### What is expected:
Find the line with "Generation Lighting. - 3115209-05" in the entries below, then reproduce it and every line after it down to and including the line with "Cute Colourful Mermaid", exactly.

### Provided data:
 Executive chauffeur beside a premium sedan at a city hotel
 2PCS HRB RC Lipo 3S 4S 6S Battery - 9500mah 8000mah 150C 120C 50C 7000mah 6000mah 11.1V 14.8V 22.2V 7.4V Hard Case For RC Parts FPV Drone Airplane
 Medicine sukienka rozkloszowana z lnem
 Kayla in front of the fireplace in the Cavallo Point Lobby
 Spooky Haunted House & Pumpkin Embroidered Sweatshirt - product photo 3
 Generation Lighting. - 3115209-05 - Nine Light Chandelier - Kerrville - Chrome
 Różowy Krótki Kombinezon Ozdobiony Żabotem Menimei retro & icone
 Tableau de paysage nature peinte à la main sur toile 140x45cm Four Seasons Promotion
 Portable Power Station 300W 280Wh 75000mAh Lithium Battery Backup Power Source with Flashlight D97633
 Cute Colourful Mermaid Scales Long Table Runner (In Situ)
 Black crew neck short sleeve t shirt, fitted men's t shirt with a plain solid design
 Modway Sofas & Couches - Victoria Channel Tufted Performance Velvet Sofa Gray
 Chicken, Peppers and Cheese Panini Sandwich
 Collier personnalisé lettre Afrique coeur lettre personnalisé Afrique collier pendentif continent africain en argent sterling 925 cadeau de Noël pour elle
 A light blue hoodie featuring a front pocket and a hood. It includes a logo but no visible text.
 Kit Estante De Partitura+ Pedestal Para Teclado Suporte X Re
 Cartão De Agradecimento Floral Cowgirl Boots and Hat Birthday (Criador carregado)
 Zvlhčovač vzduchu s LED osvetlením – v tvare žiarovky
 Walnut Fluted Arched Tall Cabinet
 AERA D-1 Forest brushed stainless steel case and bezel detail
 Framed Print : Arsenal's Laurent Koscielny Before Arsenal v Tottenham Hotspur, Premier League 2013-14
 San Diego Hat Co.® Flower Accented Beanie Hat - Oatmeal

### Output for this exercise:
 Generation Lighting. - 3115209-05 - Nine Light Chandelier - Kerrville - Chrome
 Różowy Krótki Kombinezon Ozdobiony Żabotem Menimei retro & icone
 Tableau de paysage nature peinte à la main sur toile 140x45cm Four Seasons Promotion
 Portable Power Station 300W 280Wh 75000mAh Lithium Battery Backup Power Source with Flashlight D97633
 Cute Colourful Mermaid Scales Long Table Runner (In Situ)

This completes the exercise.